Hi everybody... long time, no posts. 

When the A1Up cabs came out in 2018, I nabbed an Asteroids on clearance as a mod platform.  As I think everybody here knows, the innards of the stock cabs are crap, but the artwork is nice and the form factor worked for a corner of my home office.  Here's what I did with it:







Background: I'm a fiftysomething fomer 80's arcade rat. Started collecting cabinets during that golden period between the demise of the arcades and the dawn of eBay, when you could get them for next to nothing. Discovered MAME at about that same time in an early version (thank you, Nicola), and built a massively over-designed emulation cabinet for myself about 10 years ago (The Cab With No Name, check my sig for the build link). I'd planned to build another, and collected up a lot of parts for it, but the second project never got off the ground. When the A1UP cabinets showed up, I took it as an opportunity to put those parts to good use and add a smaller second cab to my home office.

I decided on Asteroids as the base cabinet thanks to the control layout (which allowed for adding the two major missing pieces, a trackball an joystick), and because I wanted to have both horizontal and vertical games, and the latter look a lot better on a horizontal screen than the former look on a vertical screen (especially if you use MAME's bezel artwork option).

And the art is cool. I already have a "real" Asteroids Deluxe, and always wanted to add the Cylon Raider rip-off Atari artwork as well. Fortunately, a Walmart not too far away cleared out all their A1UP cabinets for $150 each, so I picked one up and started planning the mods.

Because I was already familiar with the (admittedly esoteric) Mac emulation software scene, I elected to Hackintosh up an old Dell Optiplex 760 that I picked up locally for $20, and mated it to a thrift-shop 17" LCD ($10). You can find details on how the software was set up here (fair warning, most of the software versions are way out of date now):

http://forum.arcadecontrols.com/index.php?topic=138555.0

Besides my previous familiarity, this setup gave me the full range of options in SDLMAME, including shaders to make the games look more like they're being displayed on a CRT, and all of the MAME artwork options (backgrounds, bezels, etc.). EmuLaunch is still abandonware, but it's a nice clean interface that's pretty simple to configure, and it plays very nicely with cabinet controls.

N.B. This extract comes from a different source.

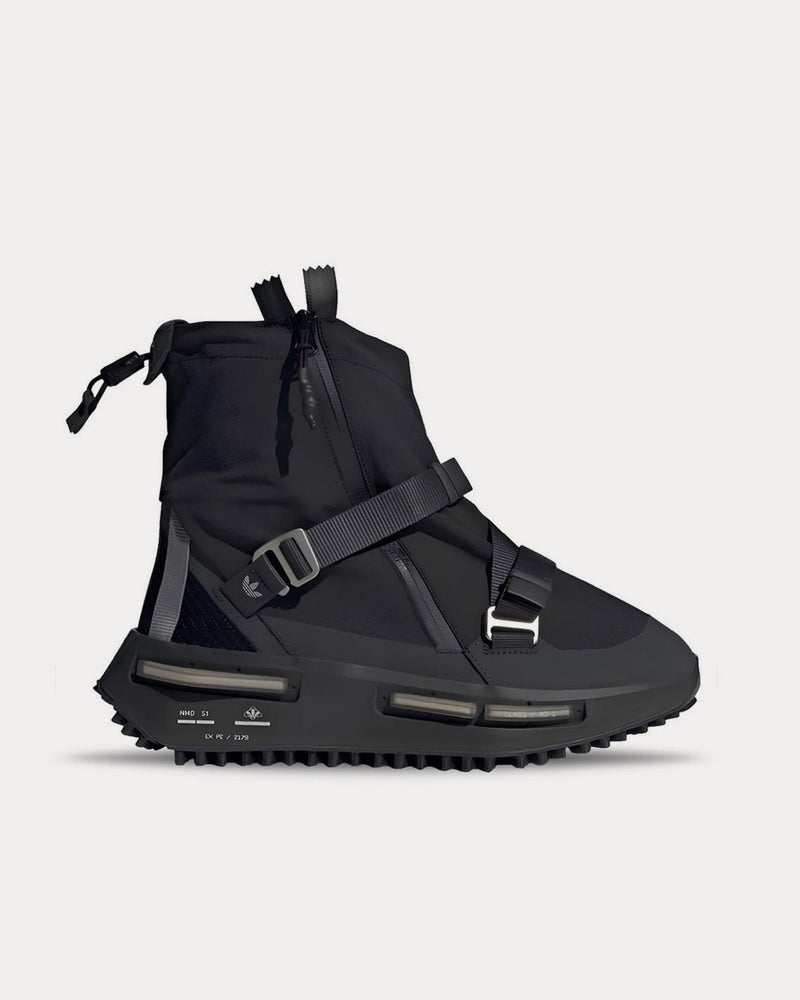 Adidas x Hamcus Unisex NMD S1 Mid Black High Top Sneakers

As we all know, the spinner included with the original cabs sucks like a galactic-core black hole, so I recharged my BYOAC batteries and built up a homebrew replacement based on this tutorial:

http://www.gearheadlabs.com/spinner/

Fortunately for me, encoder wheels were only 75 cents at Groovy Game Gear, and I already had an optical board pulled from a broken Arkanoid spinner and a hacked ball mouse. The only thing I changed from the Gearhead Labs version was to add a trackball bearing above the bronze bearing. The only part that was really hard to find was an inanimate carbon (steel) rod for the spinner shaft, for which I eventually had to go to McMaster-Carr. I tend to avoid them thanks to the unpredictable shipping charges, but that was the only place I could find a 4" steel rod. The end result was... okay. It took some adjustment and a heavier control knob to get it to a usable level (see below). Even before I tweaked it up it was better than the stock spinner by a long shot.





The smallest footprint trackball available was this 2" job from RetroArcade. The version I got includes USB.

https://www.amazon.com/Track-Ball-inch-Arcade-Trackball/dp/B06Y18STSR

In order to make it fit flush on the control panel, I had to enlarge the original spinner hole and rout out a cavity on the underside. A friend with a drill press and serious woodworking chops helped. I also sprayed the original art with some clear lacquer, but opted to use the deck protector and art later. A router with a laminate cutting bit was key to this option.





Fortunately I had a lot of unused parts from that abandoned prior project, including an Ultimarc Mag-Stik Plus, an iPac encoder, lots of pushbuttons, and a selection of True-Leaf switches from GGG. I also added three faux-Atari volcano buttons as per this tutorial (note the correction in the follow-on post if you want to try this at home):

http://forum.arcadecontrols.com/index.php?topic=154048.0



See the top of the post for a detail shot of the finished control panel top.

I decased the monitor and installed it; a perfect fit:



As a nice bonus, that monitor has several USB ports, which saved me from having to add a hub. I left the top off the Dell computer to help prevent heat buildup, and installed the rest of the electronics. That Dell doesn't have a proper power jumper on the board, but I was able to stretch the daughtercard with the power button and a few USB ports to a comfortable spot on the back of the cabinet. A little work with a Dremel gave me access. I also decased and installed the guts of an old USB-powered speaker for audio. I added a cheap cabinet magnet at the top of the back door for easy access as well.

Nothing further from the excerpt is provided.